New York Times, 20 Dec. 1950
Orphans Found by Soldiers Taken to Secret Island by
U.S. Transports
SEOUL, Korea, Dec. 20 (AP)- Nearly 1,000 big-eyed
little Korean street orphans were airlifted to an island sanctuary off
South Korea today.
Fifteen twin-engine United States transport planes
landed at nearby Kimbo airbase to fly the war waifs out of the combat
zone.
Truck after truck rolled up loaded with children
and backed up to the open plane doors. There were 964 in all, ranging
in age from 6 months to 9 years. Most had been saved from gutter death
by kind-hearted United States soldiers who had found them lying abandoned
in the streets of Seoul.
The soldiers had taken them to a child welfare center
established by LT. Col R. L. Blaisdell of Highfield, MN, chaplain of
the 5th Airforce.
Scores of small pilgrims of distress where covered
with sores and their bodies' will still shrunken from starvation. Some
gestured at their mouths to show their hunger and mumbled "chop
chop." The planes carried a fifteen-day supply of rations, but
the children could not be fed until they were aloft.
"A hundred and two of them are ill-and twenty-four
just got out of the hospital," said Chaplain among them - everything
from scabies to whooping cough and tuberculosis."
Eighty Korean women attendants accompanied the children
and each plane carried a trained United States evacuation nurse. LT
Grace Chicken, of Buffalo, MO volunteered to make the flight on her
day off.
Capt. Mary Wilfong of Selma, AL, who had evacuated
many wounded troops, watched as one sick child was lifted into the plane.
"Pitiful-they're so pitiful," she said.
"It's even worse than seeing our own wounded men."

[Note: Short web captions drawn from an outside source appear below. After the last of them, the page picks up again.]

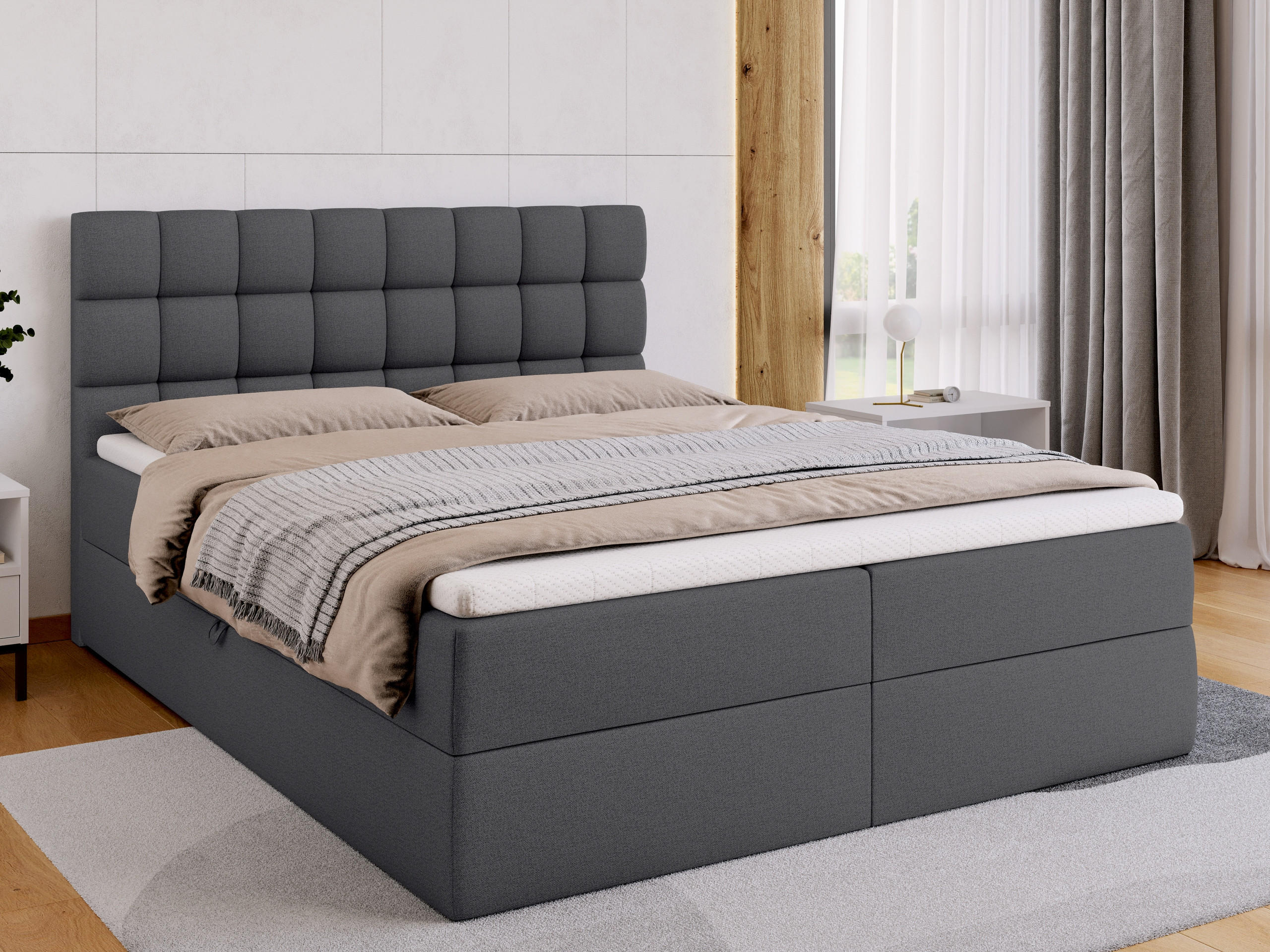 BOXBETT Dakota mit Topper 160/200 Dunkelgrau - Dunkelgrau, Textil (160/200cm) - Bromarkt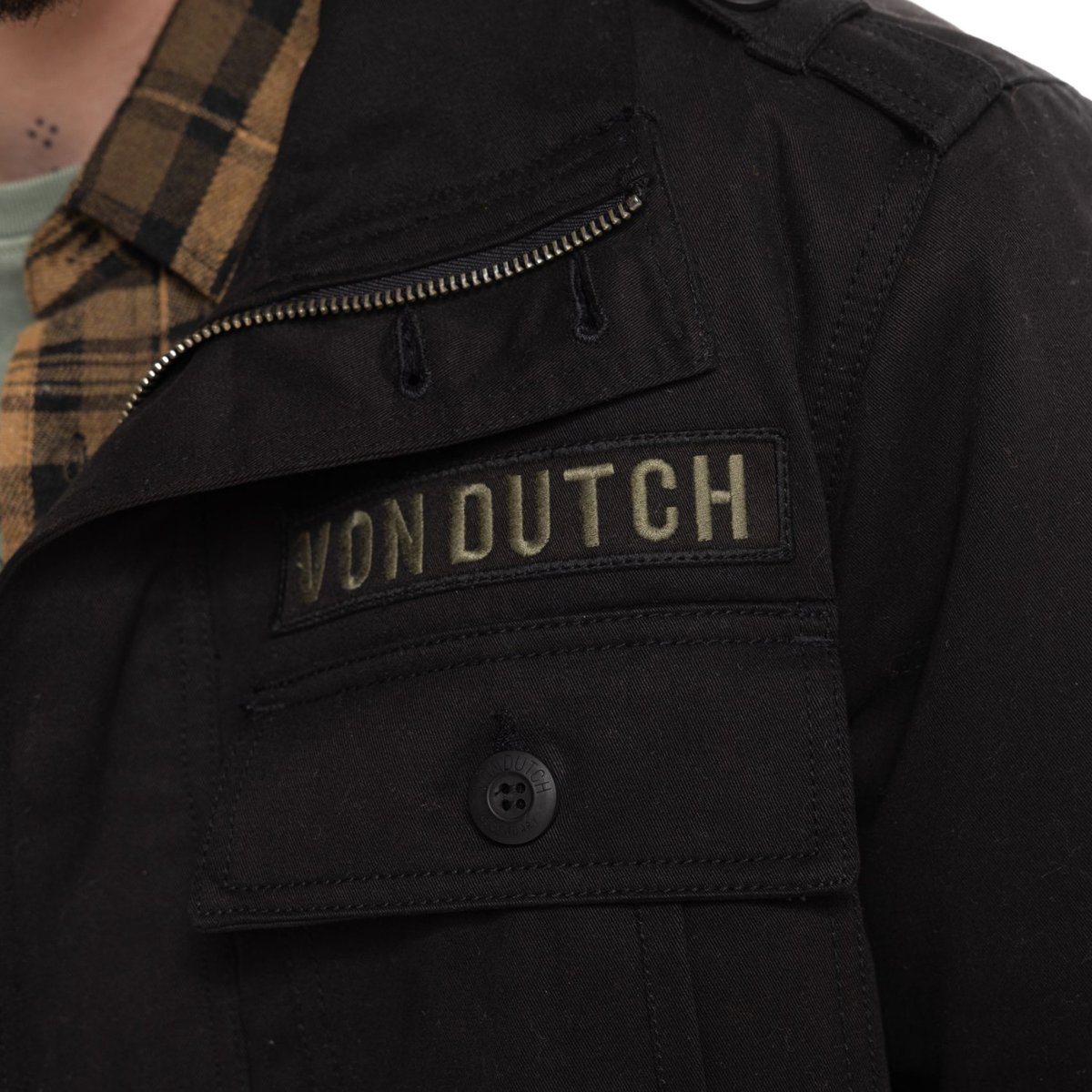 Surchemise coton AARON noir/vert, VON DUTCH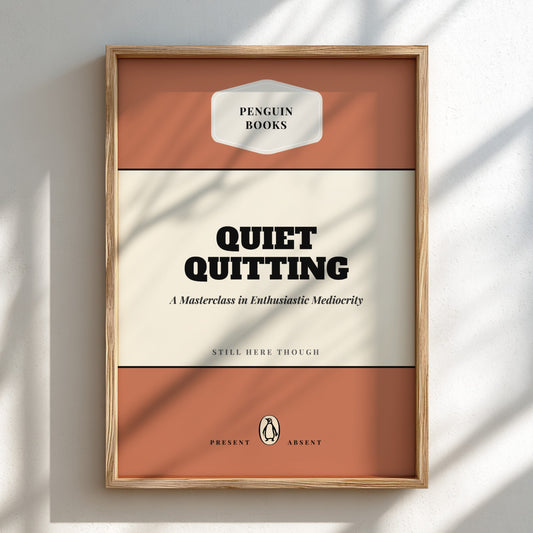 Framed book cover of 'Quiet Quitting' by Penguin Books on a light background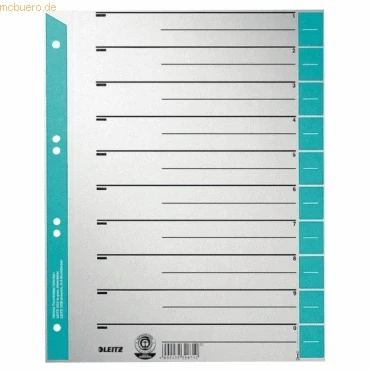 Abbildung von 100 x Leitz Trennblatt A4 230g/qm Karton hellblau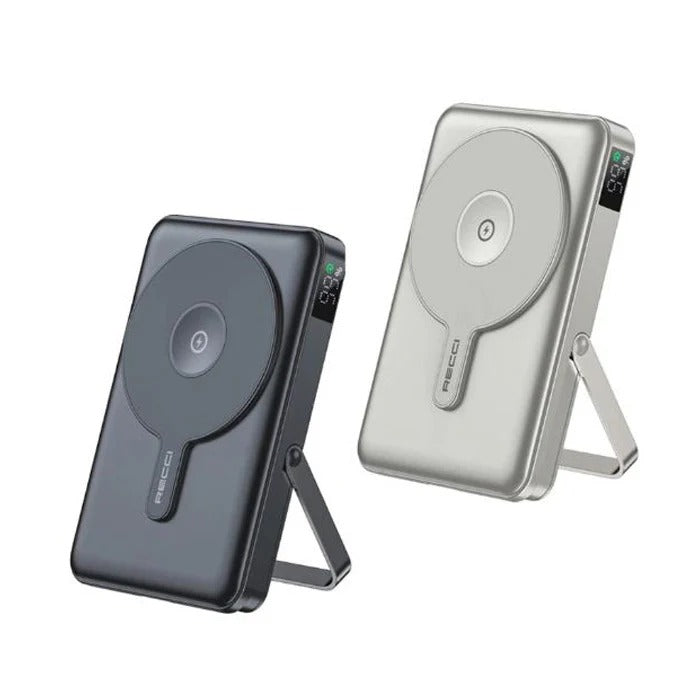 Recci RPB-W27 magnetic charging power bank with cable, mobile phone, watch, headphone, 3 in 1 fast charging, digital display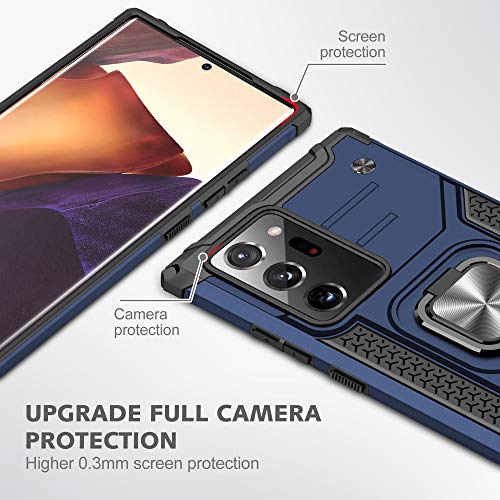 YmhxcY Galaxy Note 20 Ultra 5G Case with Self Healing Flexible TPU Film[1 Pack] Rotating Holder Phone Case for Galaxy Note 20 Ultra-KK Pure Blue - color: Blue, size: Note 20 Ultra
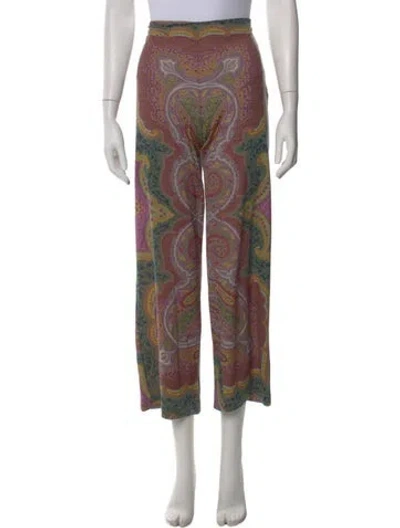 Pre-owned Etro Wool Wide Leg Pants In Brown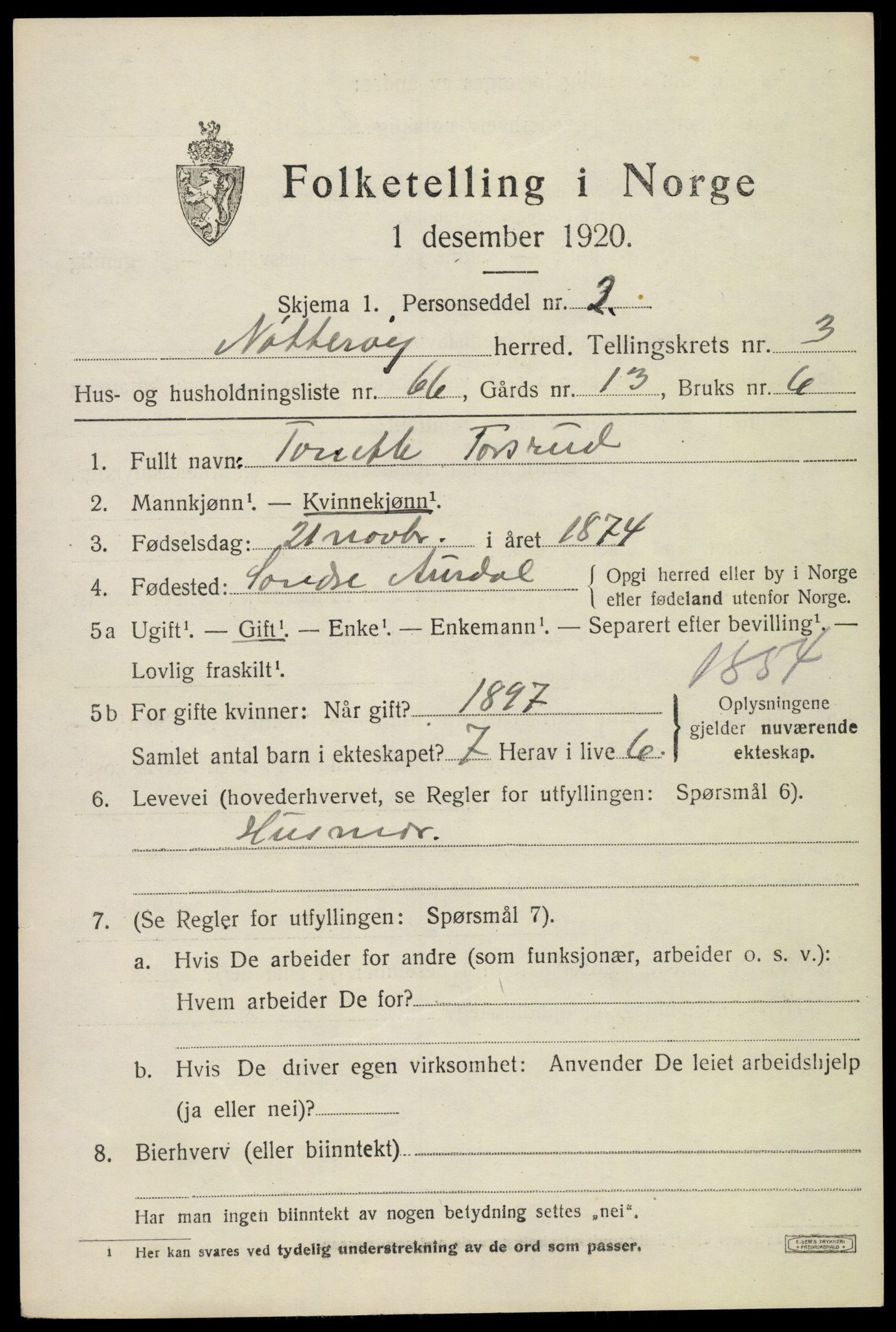SAKO, Folketelling 1920 for 0722 Nøtterøy herred, 1920, s. 6249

An emaciated small boy called down hopefully to Lt
Jane Murphy of Milton, PA: "Hello, hello. You want good houseboy?"
Lt Murphy smiled up at him and then turned her face away.
"It makes me want to cry," she said.
Most of the orphans were too weak to show much interest
in their plane ride. Some cried dully, their thin wails all but lost
in the noise of backing trucks. They shivered in thin worn clothing
as volunteer United States airmen gently lifted them bodily from truck
to plane. The orphans were loaded seventy to a plane.